Clearly size already counts, especially on major deals where local firms are competing with or working alongside international firms with deep seams of expertise to call on. Jonathan Zhou of Fangda, for example, currently sees Beijing as having a leading pack of five firms and Shanghai two, but adds that probably only two of the Beijing firms are really at the level that constitutes a threat to the internationals. Shao Chunyang of Jun He sees the Beijing firms King & Wood, Jingtian & Gongcheng and Commerce & Finance along with his own Jun He as being ahead.
This having been said, several firms are focused more on carving a niche than cutting a swathe, and where this is the case, a dominant individual or small group of lawyers with leading reputations in a given practice area can often be found.
"It's difficult to define a top tier at the moment," says Zhang Danian at Baker & McKenzie. "You have several firms trying to offer a fully comprehensive service, like Jun He, Allbright, King & Wood, Haiwen, Zhong Lun, and Jin Mao; and then you have firms that are ahead in particular fields - Fangda for securities work, Pu Dong [Law Firm] for specialist FDI work, Duan & Duan for local government work, and so on. On top of that, you've got local litigation specialists that the international firms often work with."
Mitch Dudek of Jones Day in Shanghai says the leading firms are distinct from the crowd, and therefore form a "well-defined" top tier, but not necessarily on the basis of size. "You know who to use depending on the particular area. For some kinds of more sophisticated banking work, for example, Llinks comes to mind," he says. "They're all young firms with young lawyers - you need to know who you're dealing with." Robert Lewis of Lovells in Beijing, meanwhile, says: "A top tier of firms definitely exists. In general, the Beijing firms have had more success in expanding outside their home territory - into Shanghai, Shenzhen and Guangzhou.
In-house lawyers that ALB spoke with name Jun He and King & Wood as being the standout firms, with Jingtian & Gongcheng as close runners-up and Allbright, Fangda and Boss & Young as the leading Shanghai-based contingent. Meanwhile, King & Wood's Susan Ning sees Jun He, Jingtian & Gongcheng and Zhong Lun (all Beijing-based) as her firm's closest competitors. Lester Ross at Paul Weiss Rifkind Wharton & Garrison in Beijing also names Jun He, King & Wood and Zhong Lun, along with Commerce & Finance law firm, as being top of the pile and "trying to position themselves more broadly both domestically and internationally, establishing footholds overseas". (Jun He has a New York office and King & Wood has offices in San Francisco and Silicon Valley, for example - see map p40.) Ross also picks out Shanghai firms Llinks, Pu Dong and Fangda as leaders in financial transactions.

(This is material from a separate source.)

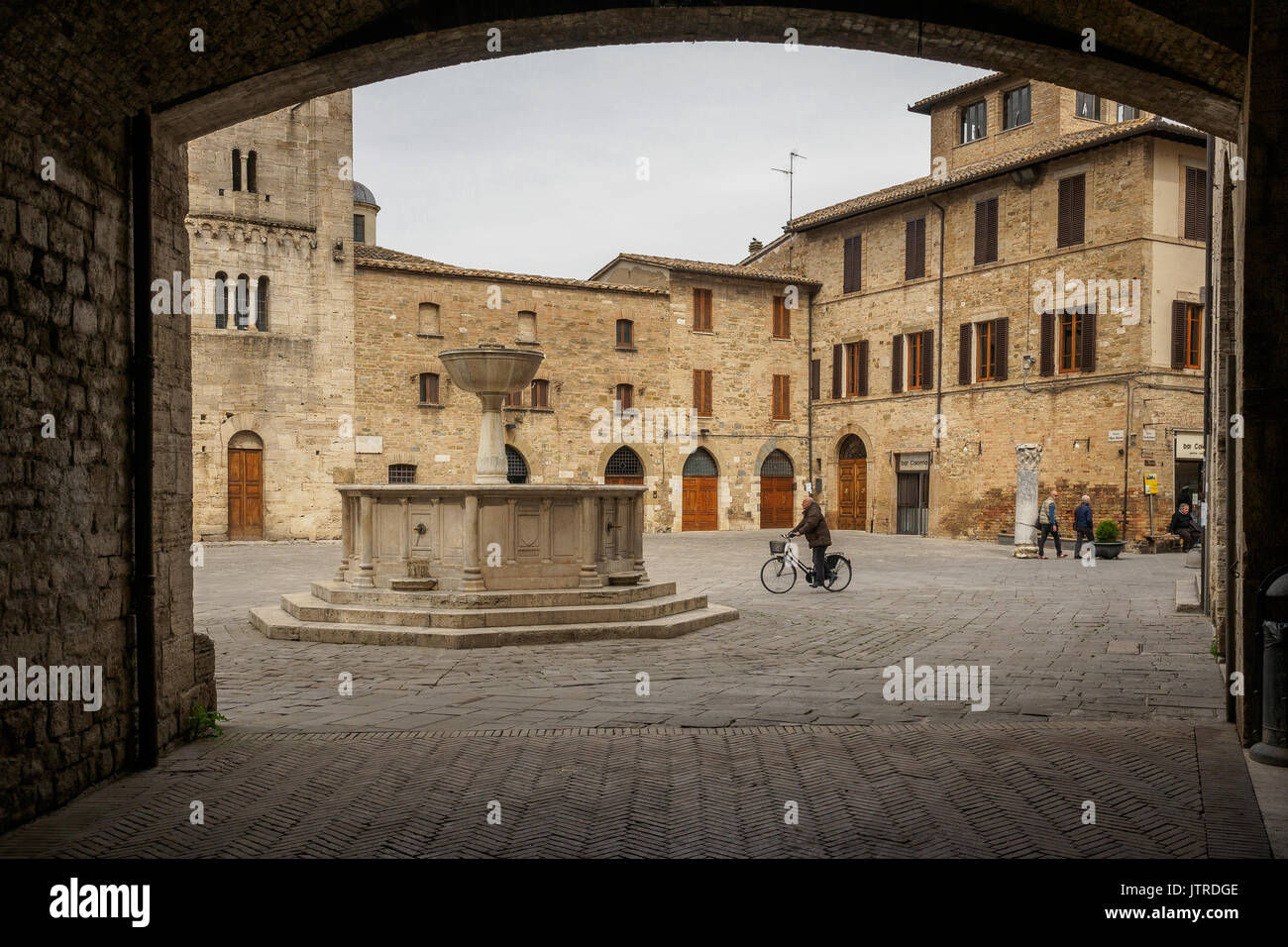 Medieval Piazza Silvestri in Bevagna (Italy). 2017. Stock Photo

Partnership structure essential
Size for size's sake is one thing; being scalable and sustainable is another.
A pervading concern running through the corridors of client corporations and international law firms is to what extent the outlandish recent growth rates of local firms have been matched by accompanying development of internal management and partnership structures. After all, what is the point of having 200 lawyers under the same umbrella if they are not properly sharing clients, fees and profits as well as costs?

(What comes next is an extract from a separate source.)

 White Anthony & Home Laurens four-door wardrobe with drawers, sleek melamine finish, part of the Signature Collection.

Most of the larger local firms seem to be taking stock of their practices in this regard now that at least some of the dust kicked up by the flurry of M&A activity over the past two to three years is settling - "They're starting to talk about it much more now," says Lewis at Lovells. And while all firms ALB spoke to claim they are indeed sharing profits as well as costs, they remain unconvinced that rival firms are doing so. Also largely unconvinced are the clients and international firms with whom they work.
"Maybe no local firm has a true partnership structure in the Western sense," suggests Jun Wei, partner and chief representative of Hogan & Hartson in Beijing. "It's because of the history. Nine years ago they all belonged to the state - it was 1994 before the first real private partnerships appeared. They were typically just three or four lawyers, each of whom had their own client accounts. It started that way and in many cases it's continued that way. It takes time to evolve."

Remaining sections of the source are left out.